Falling Moor
Performance from a series by John Sturgeon
Symposium Moor 1992.

b&w PHOTO CREDIT: Photo credit: Jim Zielinski
Falling Moor was one of several works Sturgeon executed as part of Symposium Moor 1992, an international festival of performance & site-specific work on the Wittemoor. The Wittemoor, Germany is part of a larger complex of moors (bogs) that stretch across northern Germany and The Netherlands. This month-long festival gathered European and American artists, to live on, investigate and then respond to environmental issues evoked by the delicate ecology and unusual geographical-archaeological sites on the Wittemoor.
Falling Moor was a series of short performances, documented in both video and black and white photography. This performance record was produced with the initial intent to serve as segues between video segments for Sturgeon’s production of the symposium’s comprehensive video document of the ten international participating artists in Symposium Moor 1992 recorded and edited by John Sturgeon.

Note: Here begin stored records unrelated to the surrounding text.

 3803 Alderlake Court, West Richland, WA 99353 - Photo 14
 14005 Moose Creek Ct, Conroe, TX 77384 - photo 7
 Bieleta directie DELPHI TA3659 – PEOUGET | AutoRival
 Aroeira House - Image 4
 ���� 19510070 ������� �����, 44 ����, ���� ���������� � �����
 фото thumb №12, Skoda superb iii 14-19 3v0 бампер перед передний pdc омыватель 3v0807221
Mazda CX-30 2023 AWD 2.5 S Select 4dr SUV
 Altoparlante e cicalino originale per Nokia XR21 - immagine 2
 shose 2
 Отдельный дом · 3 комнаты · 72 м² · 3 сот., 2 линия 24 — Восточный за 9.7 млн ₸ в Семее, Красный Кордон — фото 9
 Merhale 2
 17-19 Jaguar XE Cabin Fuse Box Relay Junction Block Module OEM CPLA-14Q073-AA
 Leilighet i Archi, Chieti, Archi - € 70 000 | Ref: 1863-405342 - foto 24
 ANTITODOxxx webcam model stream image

Sturgeon’s performances consisted of variations of the simple act of falling into, or onto the Wittemoor at a variety of different locations and situations (from a tree, from a bohlenweg, from the edges of the ‘torf’ excavations, etc.). In actuality the surface of the moor is relatively soft or permeable, though appears to be solid ground. These short often-humorous performance gestures (or theatrical asides) reference attempts at initiating a deeper understanding of the moor…. a symbolic breaking through the unconscious, as a barrier to communication.